**TASK OBJECTIVE**
For the data that follows, return each line unchanged and drop the pictures.

**DATA BELOW**
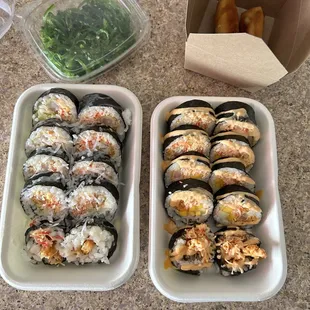 Seaweed salad, spring rolls, sushi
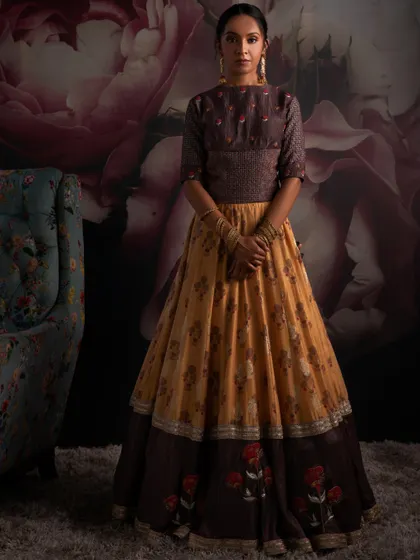 Let my couture creations adorn your special occasions. This unique lehenga with a mustard yellow and brown tiered skirt is perfect for a wholesome Haldi ceremony.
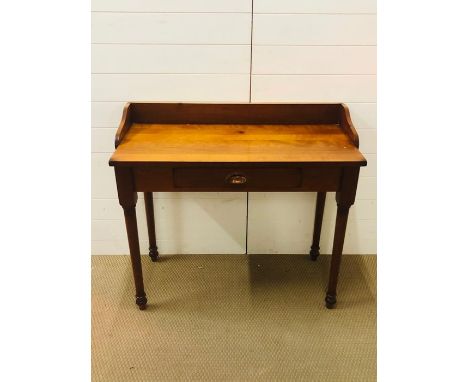 A hall desk/console with drawer, brass cup handles and turned legs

**TASK OUTPUT**
 Seaweed salad, spring rolls, sushi
 Let my couture creations adorn your special occasions. This unique lehenga with a mustard yellow and brown tiered skirt is perfect for a wholesome Haldi ceremony.
 A hall desk/console with drawer, brass cup handles and turned legs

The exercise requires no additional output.